• **THE RECORDS**:
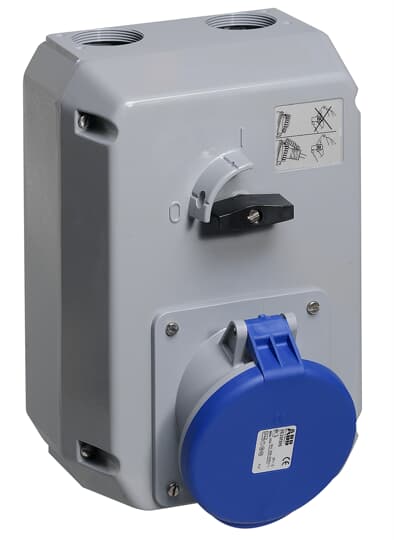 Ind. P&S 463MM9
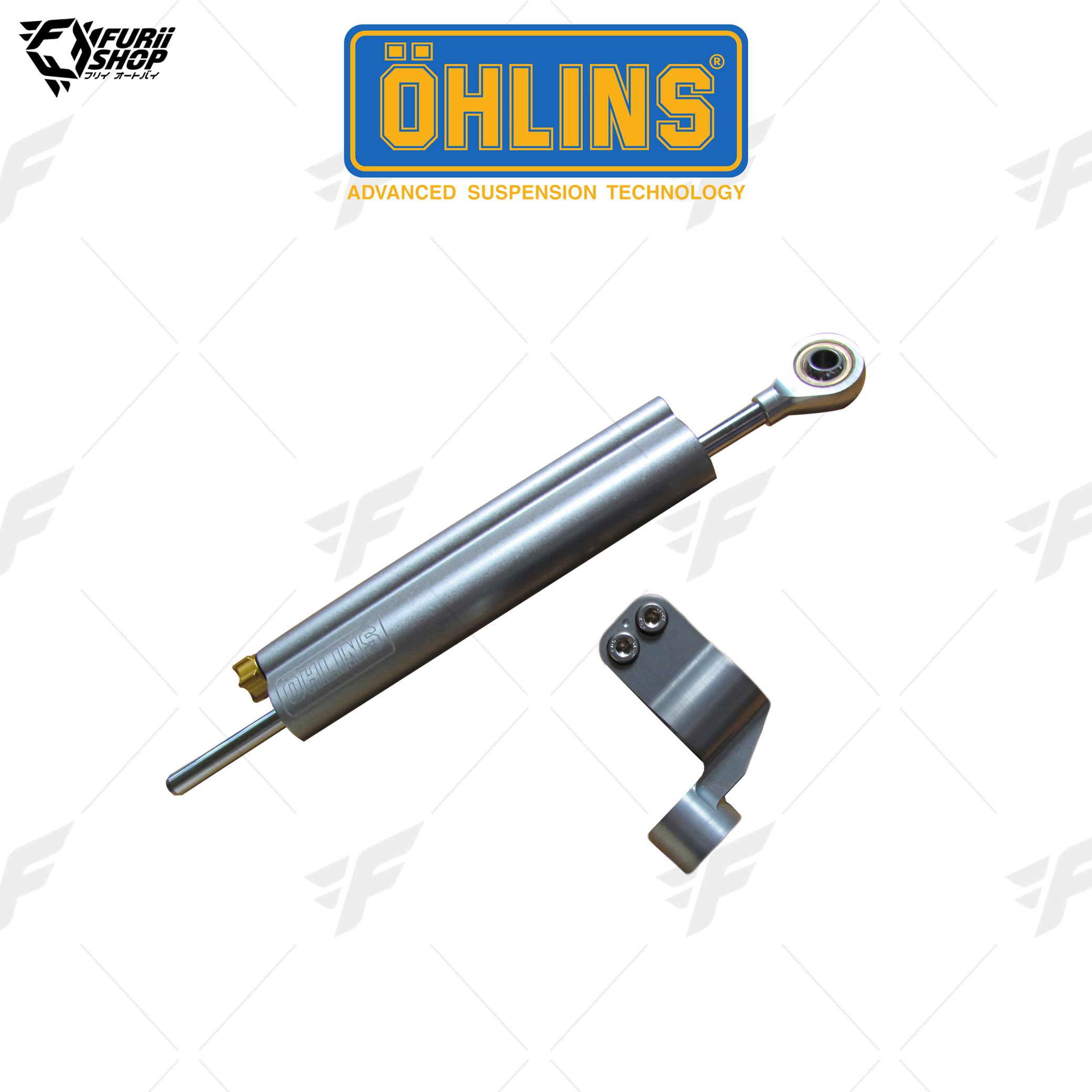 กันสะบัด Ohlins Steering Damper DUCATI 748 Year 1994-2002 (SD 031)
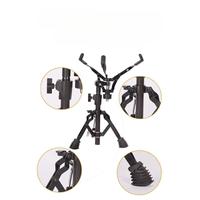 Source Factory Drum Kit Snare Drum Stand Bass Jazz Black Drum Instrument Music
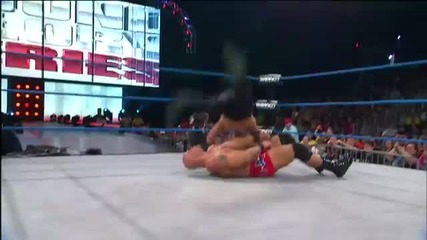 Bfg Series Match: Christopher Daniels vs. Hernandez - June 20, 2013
---
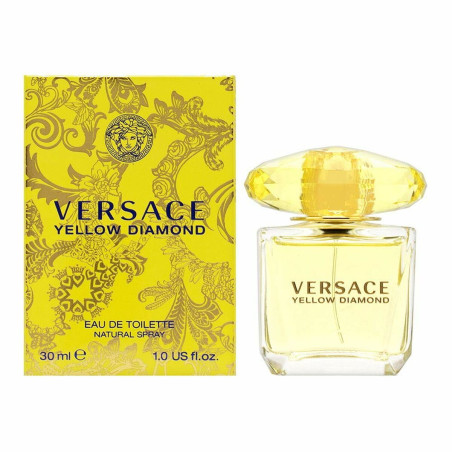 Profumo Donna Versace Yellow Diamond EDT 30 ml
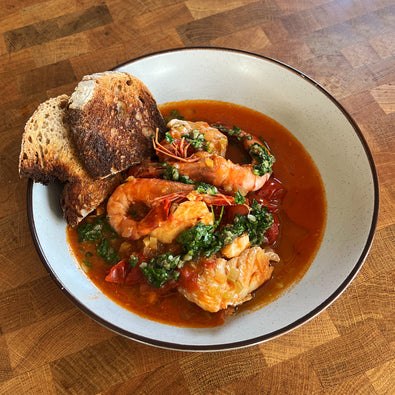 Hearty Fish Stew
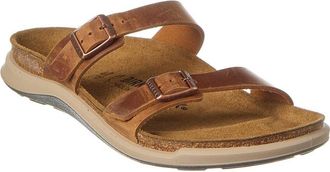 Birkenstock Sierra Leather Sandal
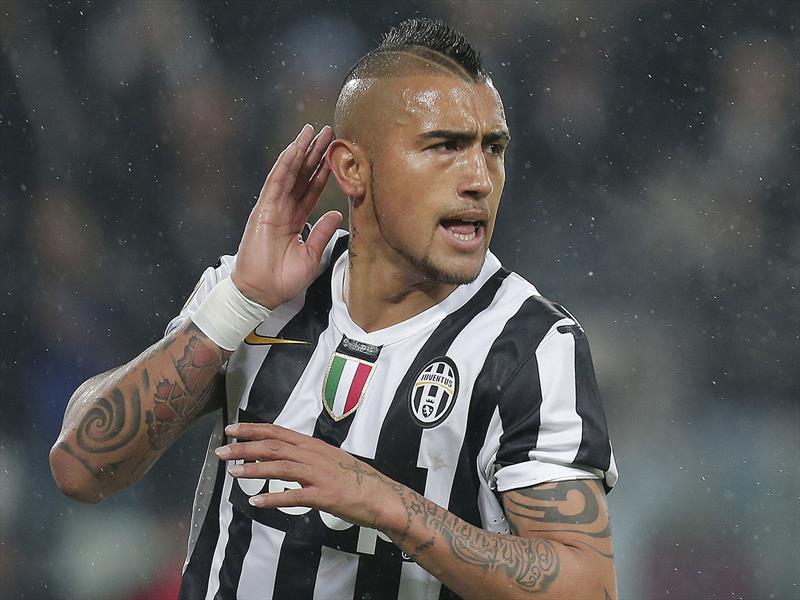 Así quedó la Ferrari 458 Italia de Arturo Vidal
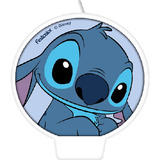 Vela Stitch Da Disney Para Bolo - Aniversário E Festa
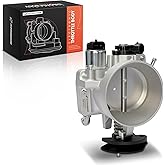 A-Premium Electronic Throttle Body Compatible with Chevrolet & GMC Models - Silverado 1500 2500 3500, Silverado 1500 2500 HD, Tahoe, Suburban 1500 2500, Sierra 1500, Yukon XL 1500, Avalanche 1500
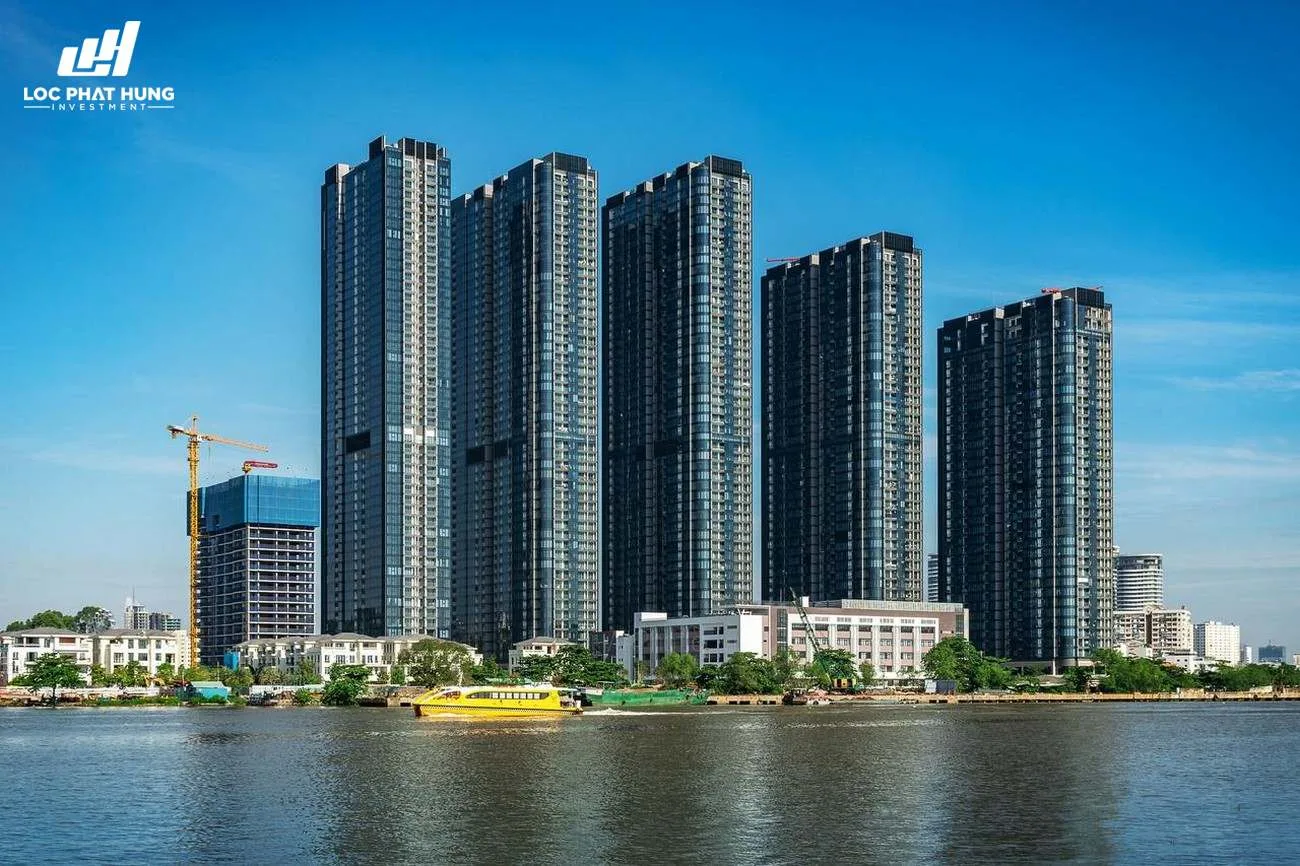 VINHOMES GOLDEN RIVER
---
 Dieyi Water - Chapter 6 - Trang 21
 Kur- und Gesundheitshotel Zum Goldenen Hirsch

• **YOUR ASSIGNMENT**: Everything above from the line containing "Ind. P&S 463MM9" down to the line containing "Bfg Series Match: Christopher" is to be duplicated exactly, both lines included, and the pictures are to be omitted.

• **ANSWER TO THIS TASK**:
 Ind. P&S 463MM9
 กันสะบัด Ohlins Steering Damper DUCATI 748 Year 1994-2002 (SD 031)
 Source Factory Drum Kit Snare Drum Stand Bass Jazz Black Drum Instrument Music
 Bfg Series Match: Christopher Daniels vs. Hernandez - June 20, 2013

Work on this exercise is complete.